On-chain Data Review: Litecoin’s Performance in November

4 min readDec 8, 2023

Abstract: For financial products, market prices can sometimes be a lagging indicator. Today, let’s examine Litecoin’s performance over the past month in terms of on-chain data, aside from prices.

Amidst its global recovery last month, the crypto space saw a month-over-month jump in its market cap in November. Notably, top projects like SOL and AVAX demonstrated robust performance, with monthly growth records exceeding 50%. Some projects are making quiet strides in other areas, despite unremarkable price performance. For instance, Litecoin, a long-established project with a 12-year history, overtook Bitcoin in payment count last month, becoming the most frequently used crypto for transactions.

Source: BitPay

For financial products, market prices can sometimes be a lagging indicator. Today, let’s examine Litecoin’s performance over the past month in terms of on-chain data, aside from prices.

Transaction Fees (Miner Fees)

The launch of the Ordinals protocol has sparked the emergence of more tokens and protocol standards. On May 2, 2023, the Litecoin community released LTC-20, a fork from BRC-20. The move has brought new dynamics to the LTC ecosystem, leading to an exponential growth in transaction volume. This, coupled with the market rebound in November, has reactivated the whole network.

Source: OKLINK

According to OKLink, Litecoin registered above-average daily transactions on five days in November. In particular, the network facilitated 1.32 million transactions on November 14, bringing miners 23.21 LTC in transaction fees. Overall, November saw approximately 5.74 million transactions on the Litecoin blockchain, generating around $25,800 in miner fees. Compared to the figures recorded in October, LTC’s transaction volume grew by 67.5%, while the miner fee jumped by 11.53%. Litecoin’s activity and growth momentum in November followed an expected trend.
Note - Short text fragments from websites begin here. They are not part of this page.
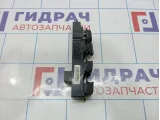 Блок управления стеклоподъемниками Geely Emgrand EC7 1068002560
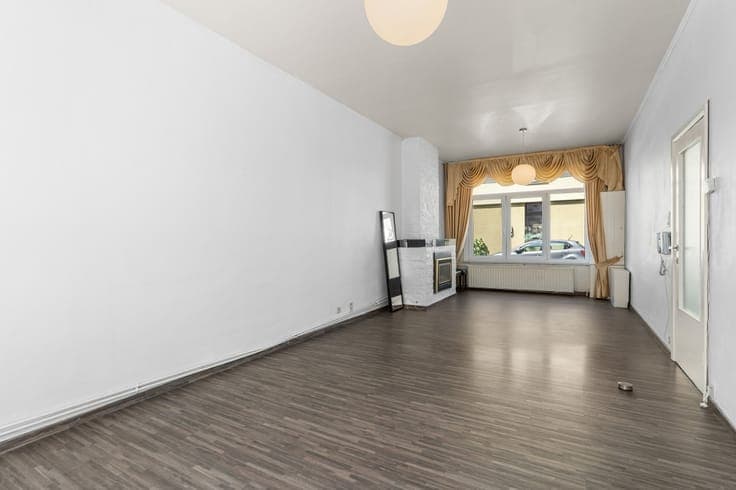 Spacious 5-bedroom semi-detached in Brugse Poort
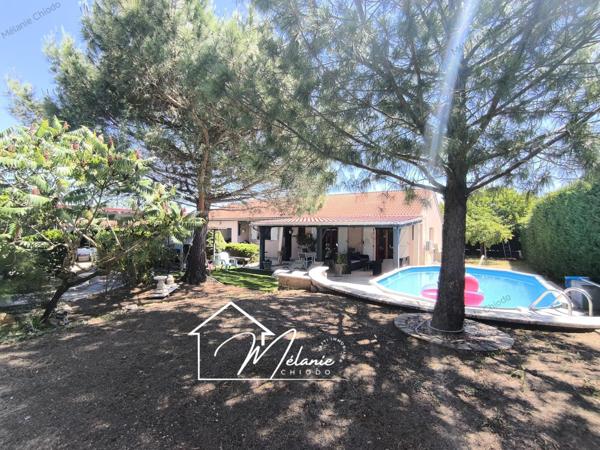 Maison plain-pied 3 chambres jardin piscine deux garages carport 6 stationnement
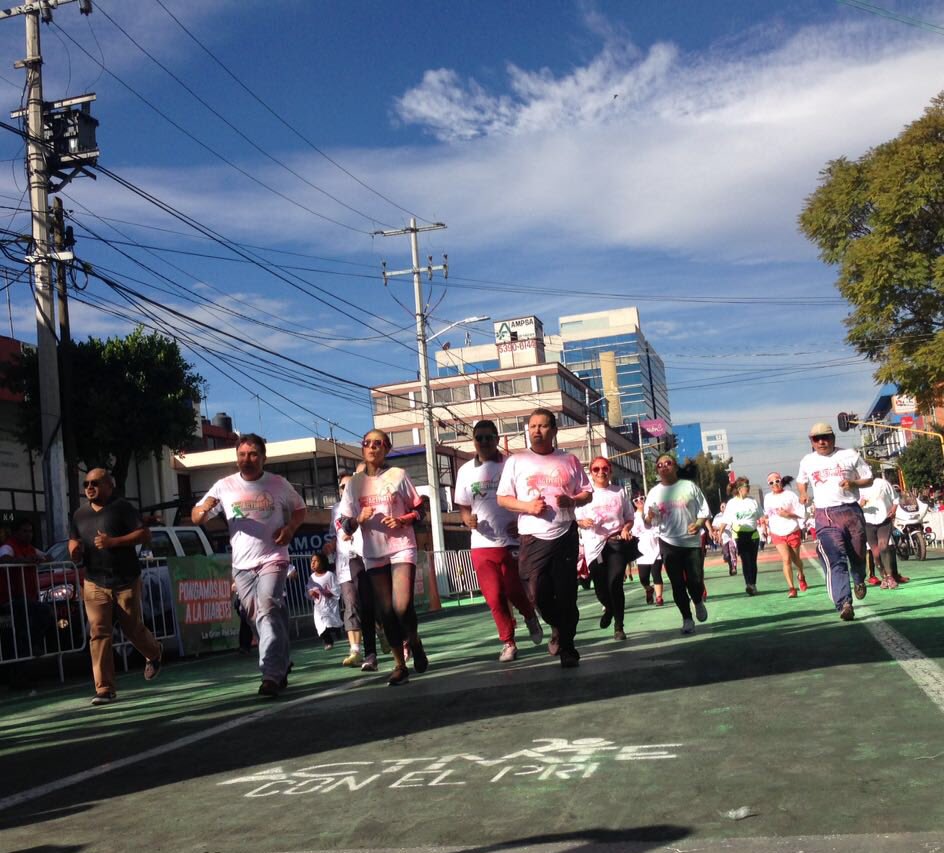 Tobetogonzalez's tweet photo. Domingo de #ActívateConElPRI gran carrera y convivencia familiar #PRIColor #Tlalnepantla gracias a quienes la hicieron posible. Fue un éxito https://t.co/FCvcF0TLKp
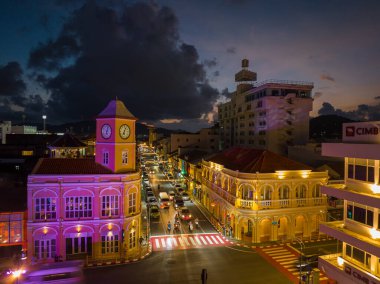 Yayın Phuket, Tayland-Mayıs, 20.2023: zaman atlamalı aydınlatma, Phuket şehrinde antik bir bina olduğunu gösteriyor Phuket 'in eski kentindeki Sino-Portekiz mimari tarzıyla inanılmaz renkli bir günbatımı..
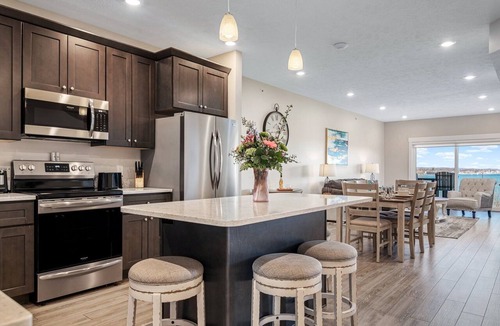 Traverse City Condo | 🌆 539 Bay St Downtown Lakeview Condo | 301W - Waterfront, Free Parking, Moments from festival grounds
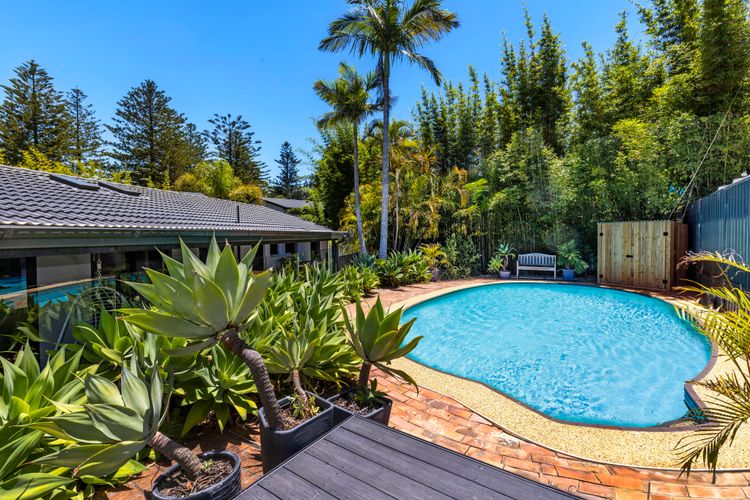Pool Oasis – Swimming Pool – 10 Mins to Beach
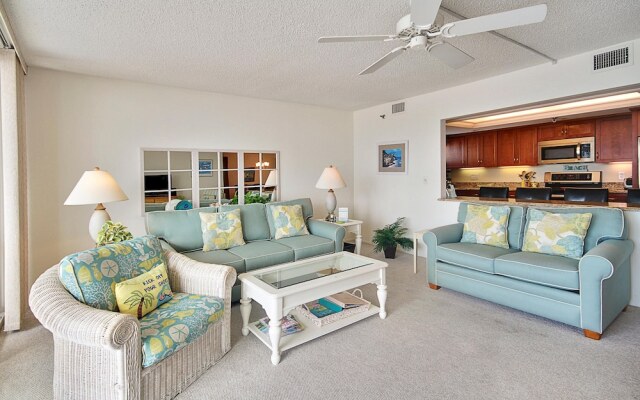 Trillium 2C Beach Front Condo With Private Balcony/pool!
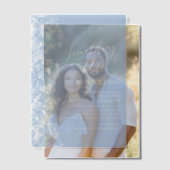 何かブルーホワイトワイルドフラワーブライダルシャワー ベラム紙招待状 (オフセット (カップル))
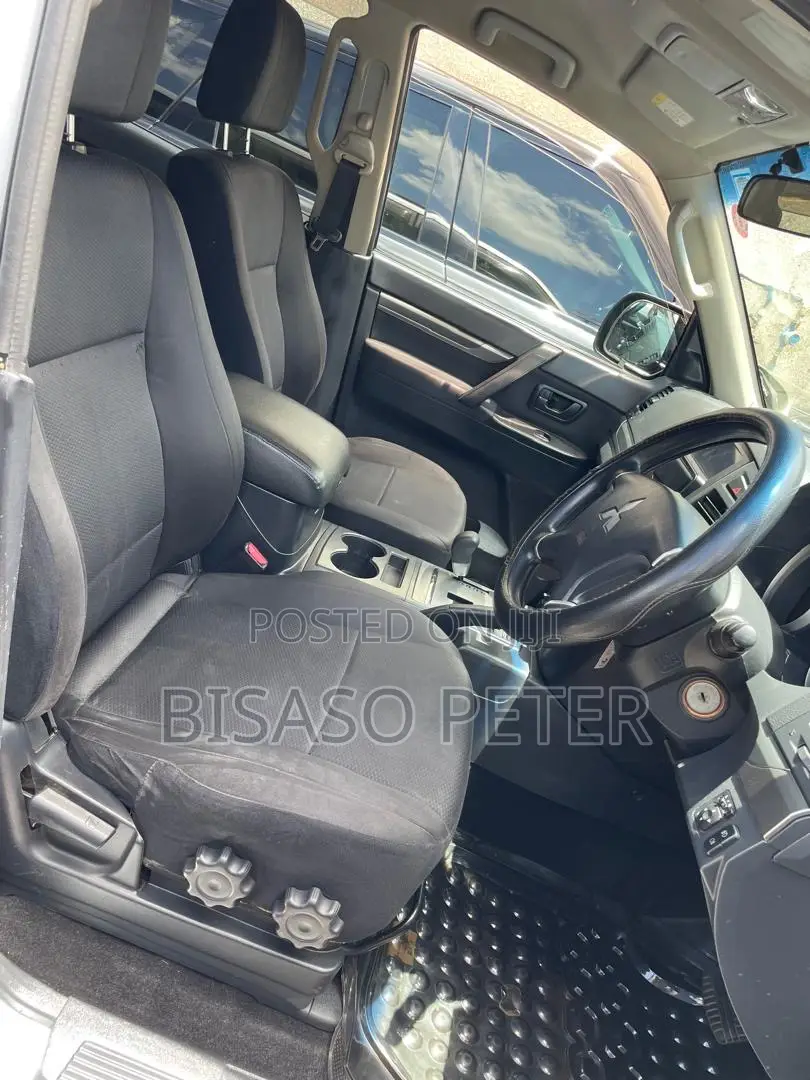 Mitsubishi Pajero 3.0 2010 Silver
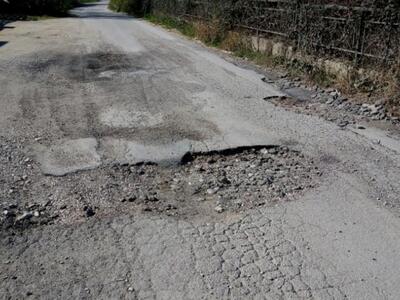 Πάτρα: Σε κακό χάλι η οδός Βενιζέλου στα...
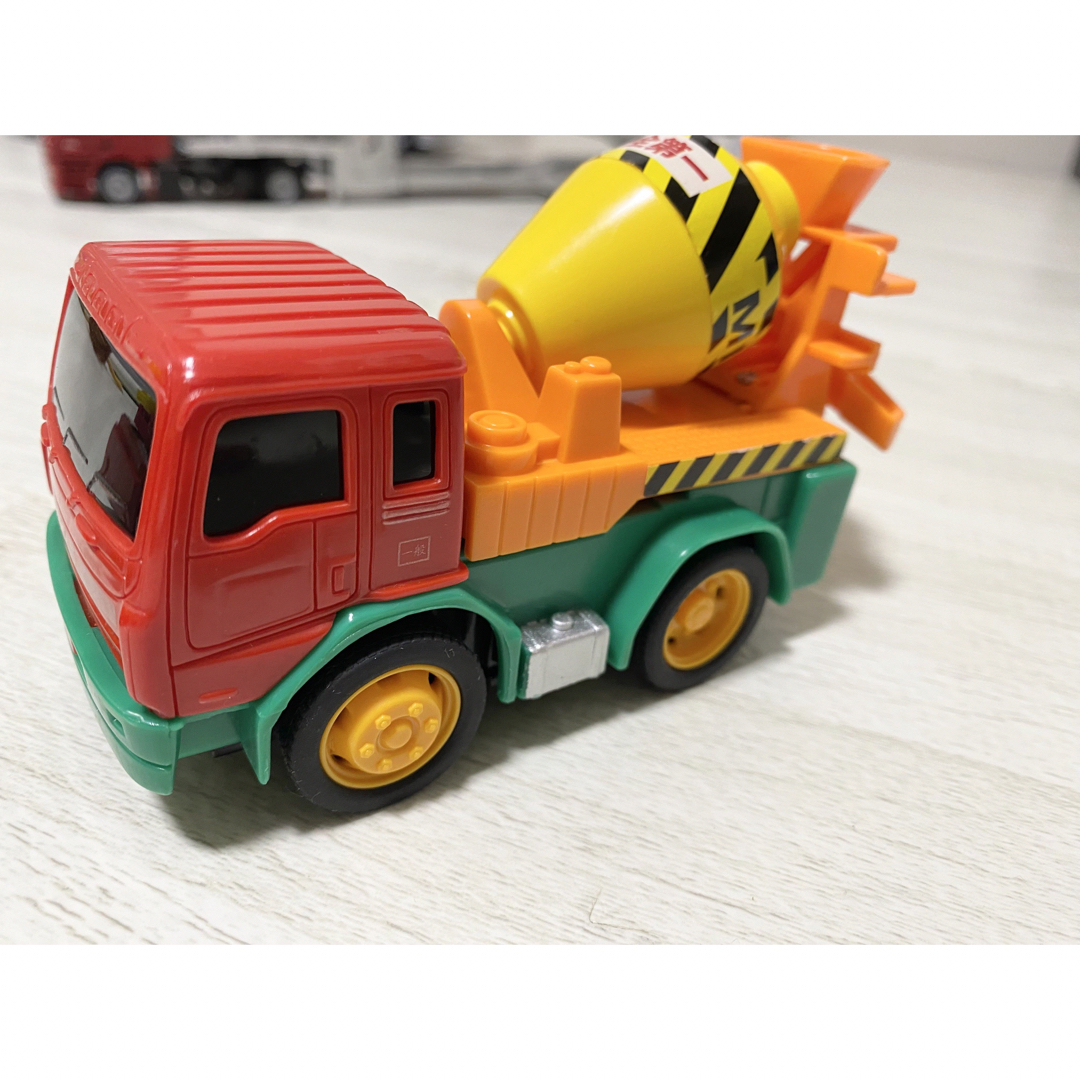 Takara Tomy(タカラトミー)の《美品》はたらく車　5個セット　トミカ キッズ/ベビー/マタニティのおもちゃ(電車のおもちゃ/車)の商品写真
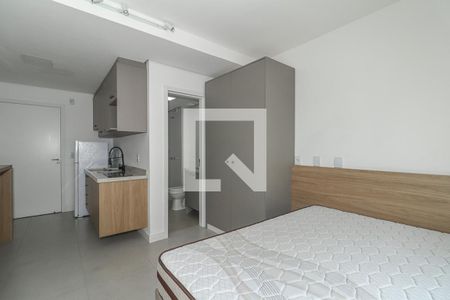 Sala / Quarto / Cozinha de apartamento à venda com 1 quarto, 24m² em Independência, Porto Alegre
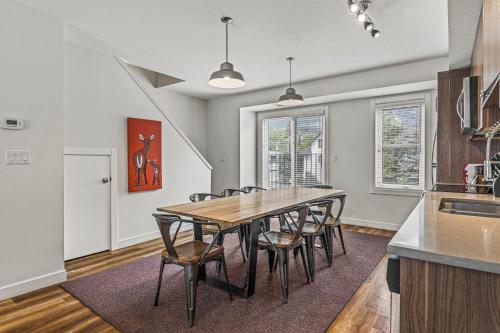Three-Bedroom Apartment - Self Check-In  image 9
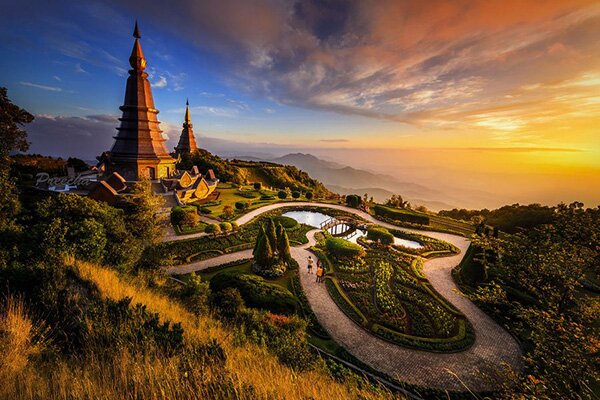 Hiking Doi Inthanon National Park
In the crypto market, liquidity is a crucial concept. High liquidity implies a better trading experience and more flexible trading strategies. For investors, abundant liquidity allows for easy buying and selling of a crypto without swinging its price. Ample liquidity is, therefore, a sign of a healthy market.

Source: Chainalysis

Data from Chainalysis shows that, over the past 90 days, highly liquid LTC holdings have increased by 3.8%. This balance between buyers and sellers has contributed to a more stable market, making it more resistant to manipulation.

Whale Holdings

Crypto whales typically refer to individuals or entities holding a significant amount of crypto assets. With massive capital, they can have a huge impact on the market. As key market players, these whales often hold millions or even billions of coins. However, the excessive concentration of assets contradicts crypto’s ethos of decentralization.

The top 10 addresses control 14.13% of the total LTC supply, while the top 100 holders own 42.19% of LTC, according to the blockchain explorer. In comparison, Dogecoin, another mainstream crypto, is noticeably less decentralized: The top 10 addresses control 45.48% of the total DOGE supply, and the top 100 holders own 66.14% of DOGE.

Network Hashrate and Mining Difficulty

Since the smooth completion of the third LTC halving in early August this year, the LTC hashrate has been trending upward. Despite a reduction in market supply prompted by the halving, the demand for Litecoin has not seen a surge, preventing price growth. Meanwhile, the enthusiasm for mining LTC is waning, as the business is not as lucrative as before. Some mining rigs are being forcibly shut down due to a lack of profits. Furthermore, with its current price, LTC has failed to attract new miners. As a result, the LTC hashrate is stuck around 1 PH/s.

Note: According to ViaBTC’s Mining Profit Rankings, only a few top ASIC mining rigs promise daily profits exceeding $1.

The good news is that the multiple downward adjustments in mining difficulty have made LTC mining less competitive. The LTC mining difficulty now stands at 26.08M, which is expected to be reduced to 24.75M (-5.1%) in the next adjustment. This development promises to improve the profitability of LTC mining for active miners. For miners confident in LTC’s future potential, now is a good time to hoard more coins.

As we approach the end of 2023, optimism has prevailed in the crypto market, driven by a series of favorable events: the Fed has postponed interest rate hikes, the AI narrative continues to boom, and the BTC price has returned to $40,000 after 18 months. However, positive news about Litecoin seems scarce. In this final month, can Litecoin break free from the shadows and regain its prominence? Let’s wait and see.

*Disclaimer: The article is for reference only and offers no financial advice.